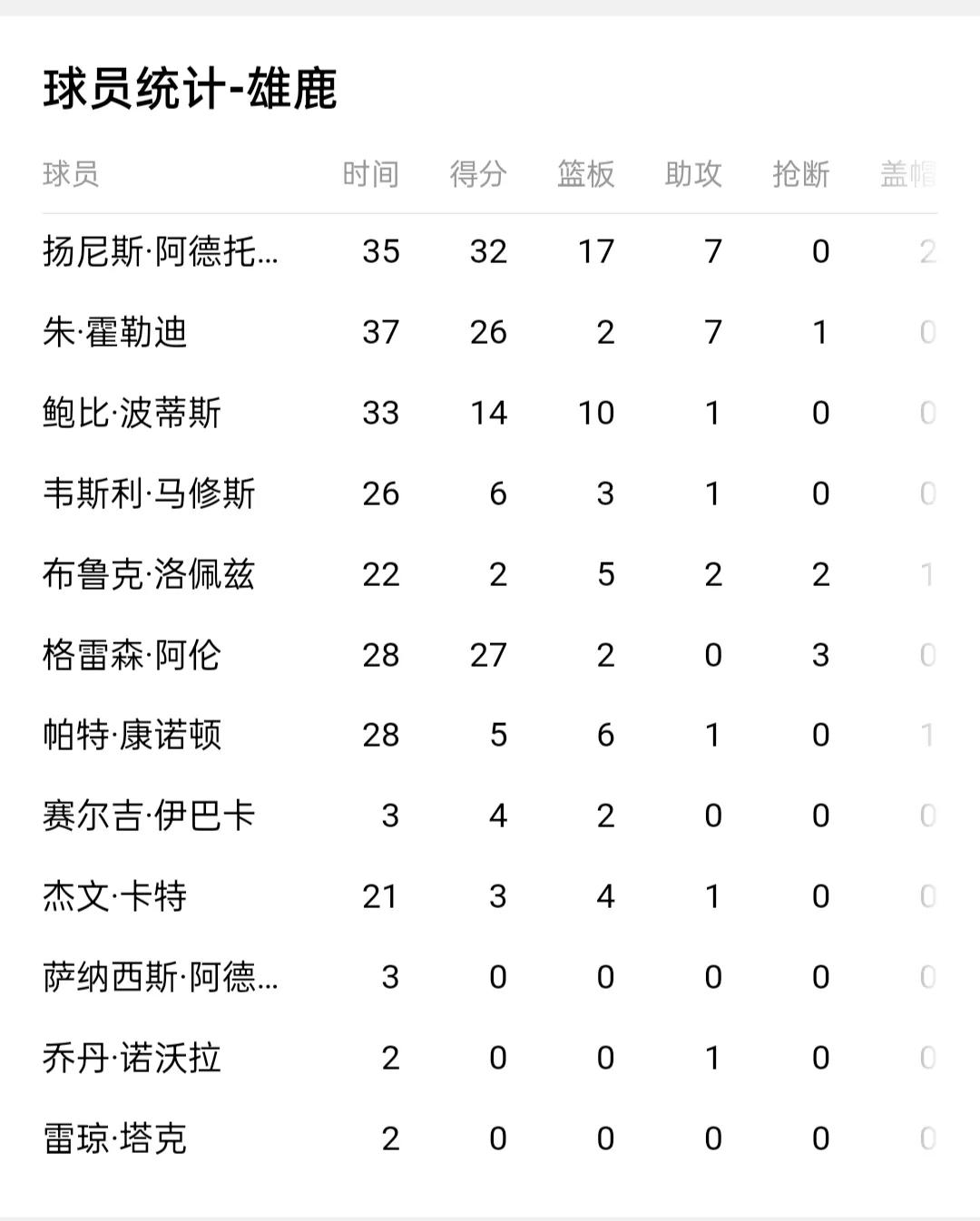 nba为什么不能从后面抢断(“黑九”奇迹？G4赛罢四场，三组3：1晋级在望，一组2：2难分难解)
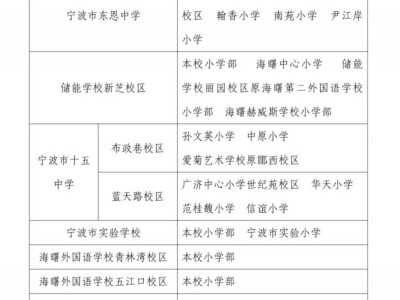 2025年海曙区初中学区划分范围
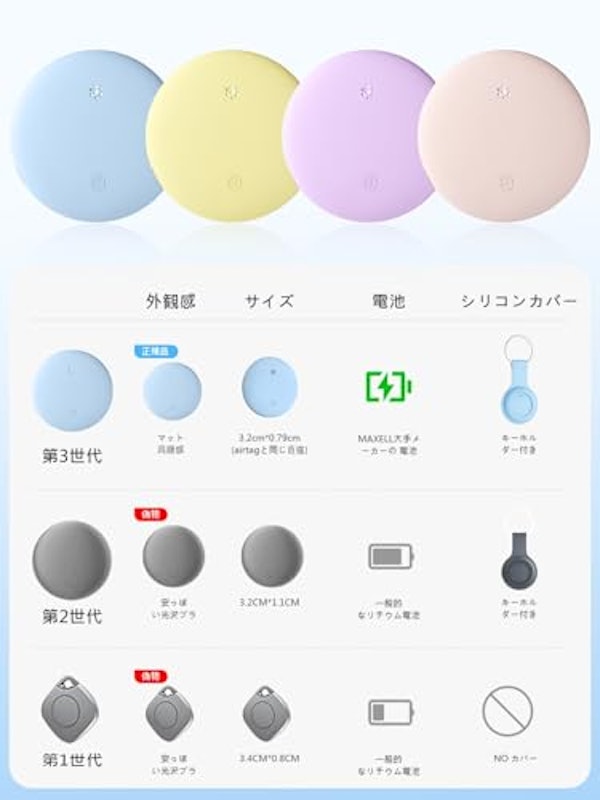 スマートタグ 紛失防止タグ 2
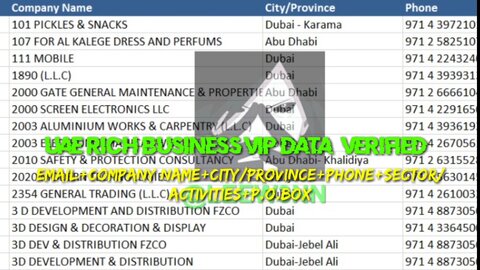 UAE RICH BUSINESS VIP DATA [VERIFIED]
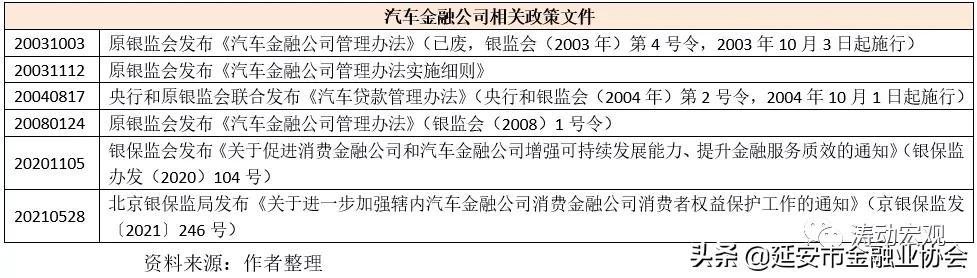 上海車子貸款公司(車子上海貸款公司可靠嗎)? (http://www.xifuyun.com/) 知識問答 第4張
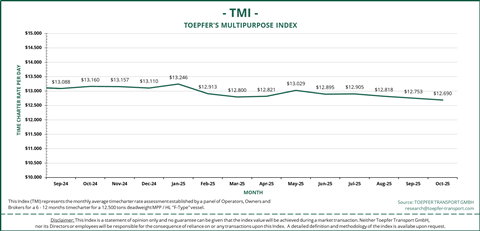TMI Sept 24 - Oct 25
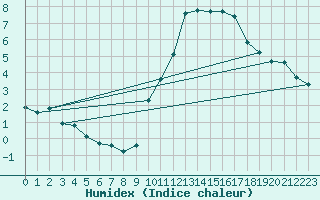 Courbe de l'humidex pour Eygliers (05)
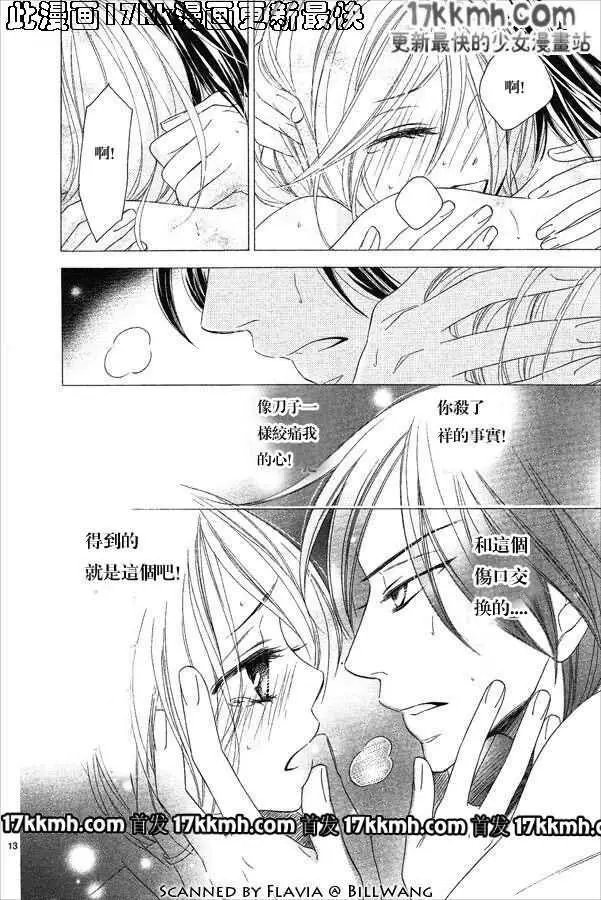 第54回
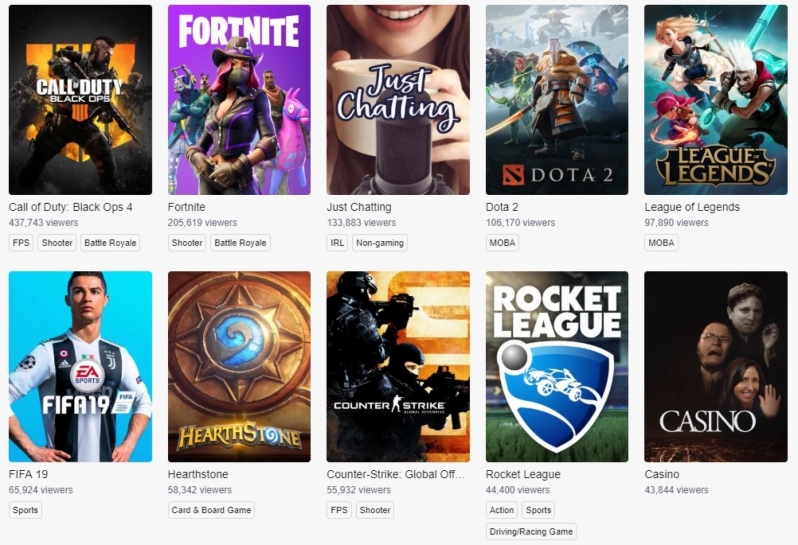 Call of Duty: Black Ops 4 becomes the most popular game on Twitch on launch day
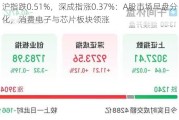 沪指跌0.51%，深成指涨0.37%：A股市场早盘分化，消费电子与芯片板块领涨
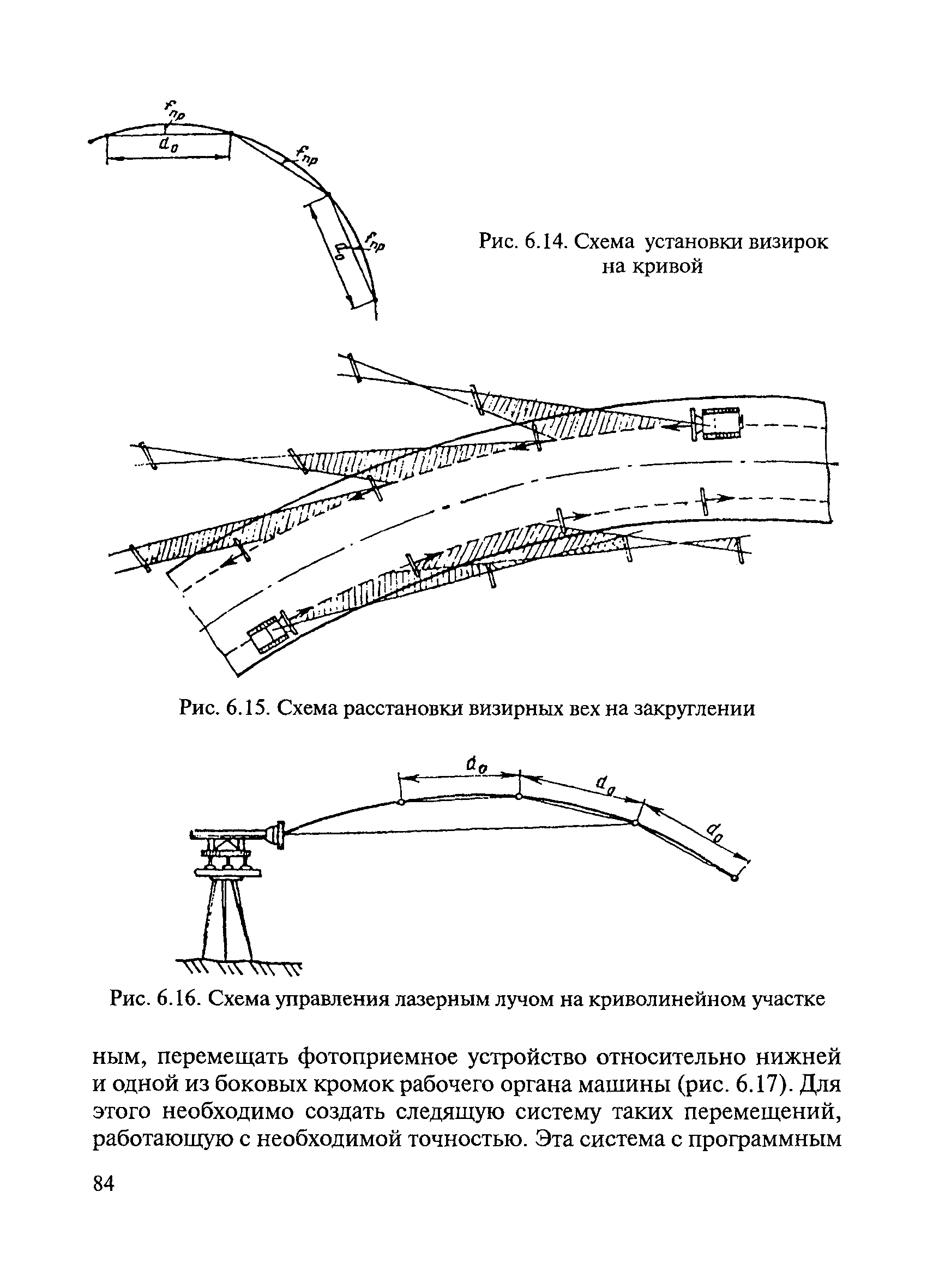 ВСН 5-81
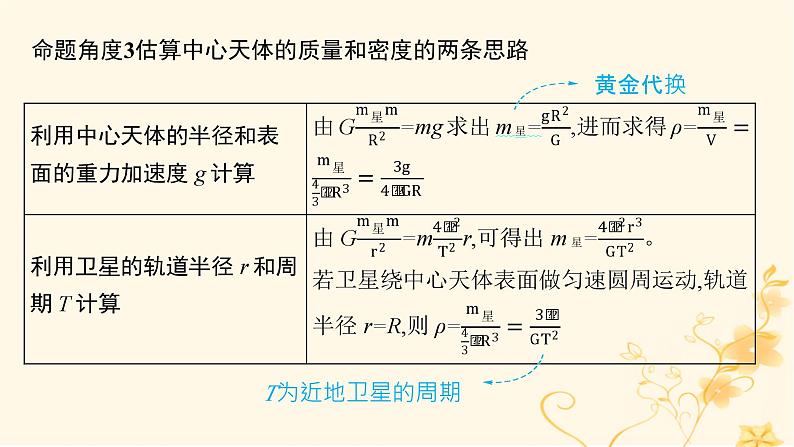 适用于新高考新教材2024版高考物理二轮复习第一编核心专题突破专题1力与运动第四讲万有引力定律及其应用课件第8页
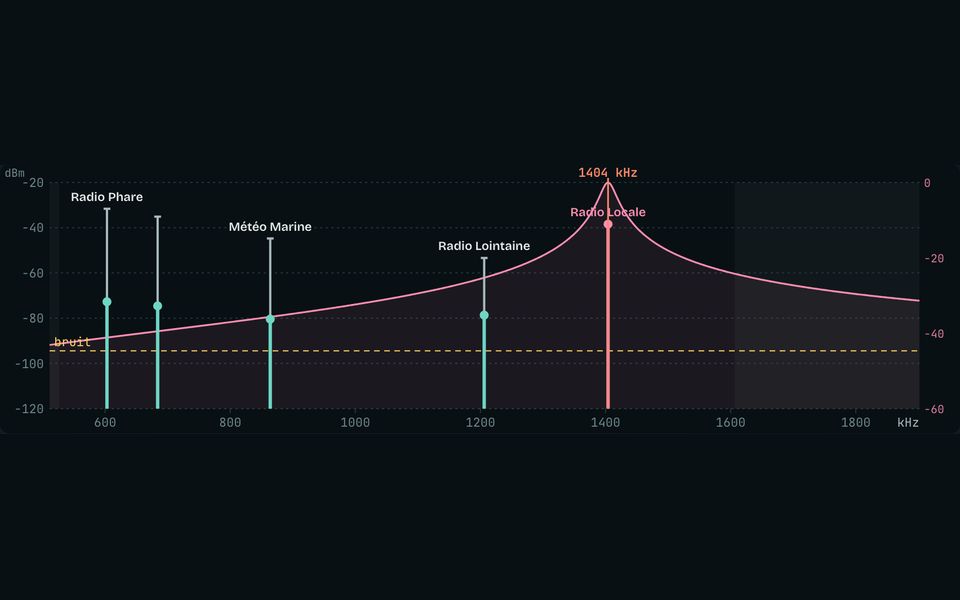 Le banc du laboratoire : La radio et les ondes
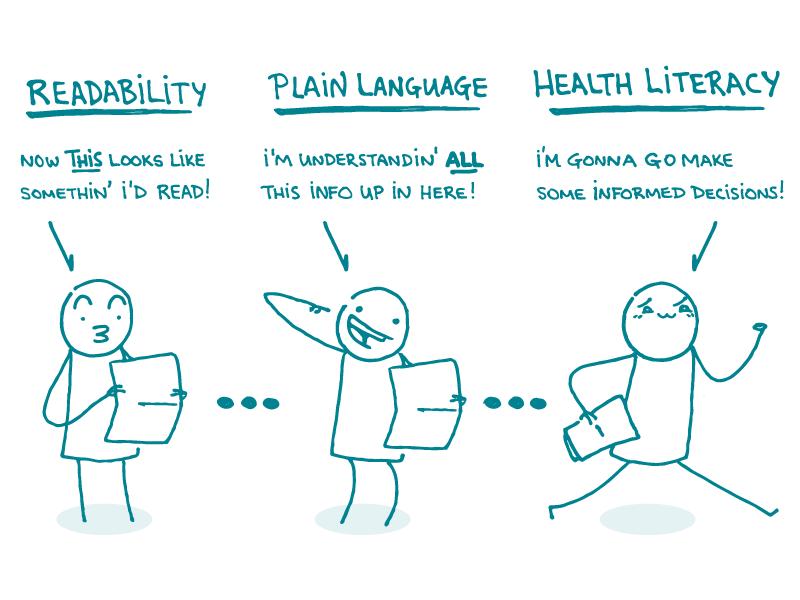 Readability and Plain Language and Health Literacy — Oh My! by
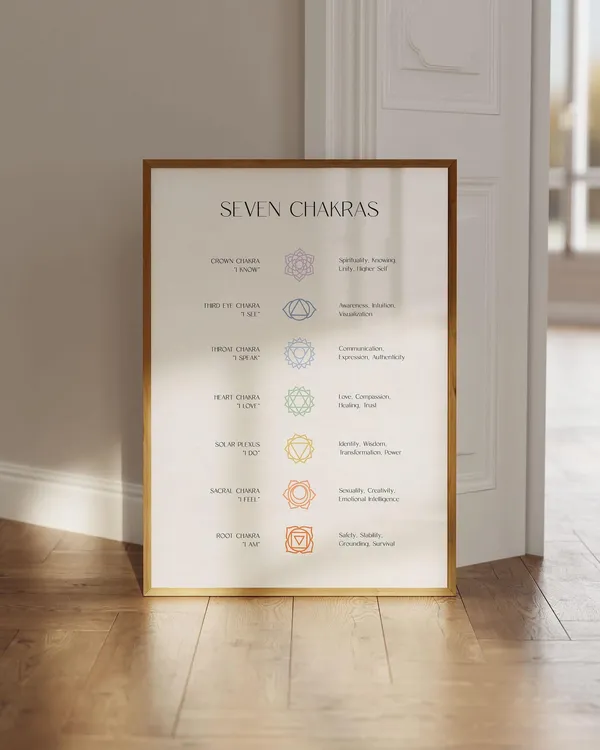 Chakra Poster Wall Art, Spiritual Yoga Print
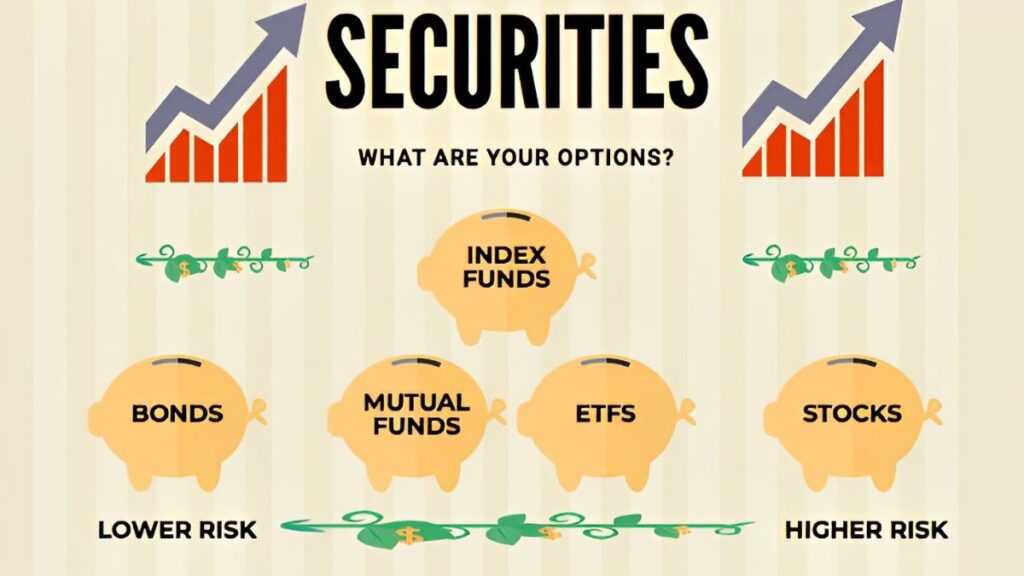 Where to Put Short-term Money To Invest In Your 20s?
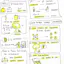Sathya's Sketchnotes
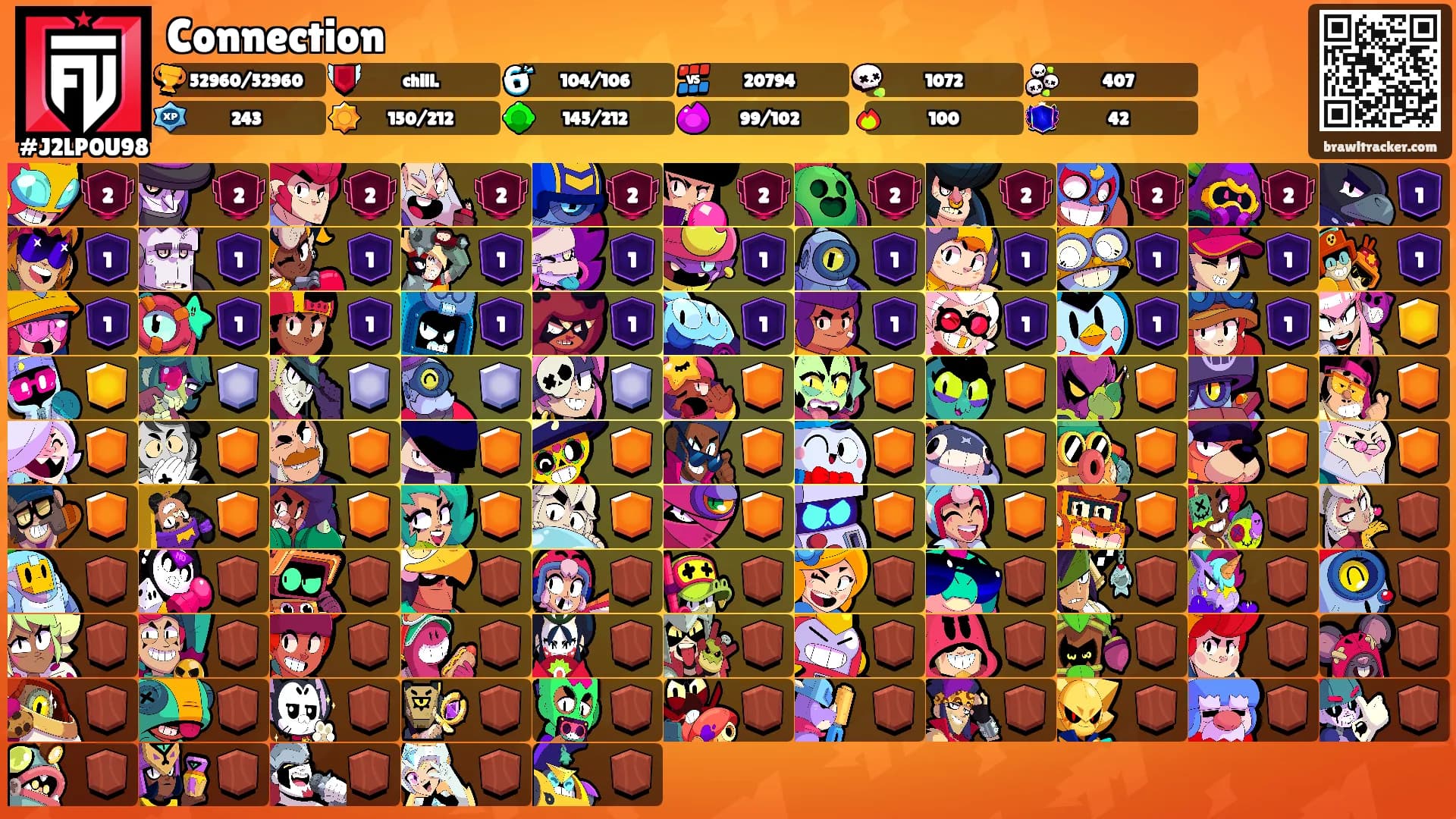 Connection's Ranks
==================================================
No pictures should appear in the copy, and each record above is to be returned exactly.

◆ **Task answer**:
 nba为什么不能从后面抢断(“黑九”奇迹？G4赛罢四场，三组3：1晋级在望，一组2：2难分难解)
 2025年海曙区初中学区划分范围
 スマートタグ 紛失防止タグ 2
 UAE RICH BUSINESS VIP DATA [VERIFIED]
 上海車子貸款公司(車子上海貸款公司可靠嗎)? (http://www.xifuyun.com/) 知識問答 第4張
TMI Sept 24 - Oct 25
 Courbe de l'humidex pour Eygliers (05)
 第54回
 Call of Duty: Black Ops 4 becomes the most popular game on Twitch on launch day
 沪指跌0.51%，深成指涨0.37%：A股市场早盘分化，消费电子与芯片板块领涨
 ВСН 5-81
 适用于新高考新教材2024版高考物理二轮复习第一编核心专题突破专题1力与运动第四讲万有引力定律及其应用课件第8页
 Le banc du laboratoire : La radio et les ondes
 Readability and Plain Language and Health Literacy — Oh My! by
 Chakra Poster Wall Art, Spiritual Yoga Print
 Where to Put Short-term Money To Invest In Your 20s?
Sathya's Sketchnotes
 Connection's Ranks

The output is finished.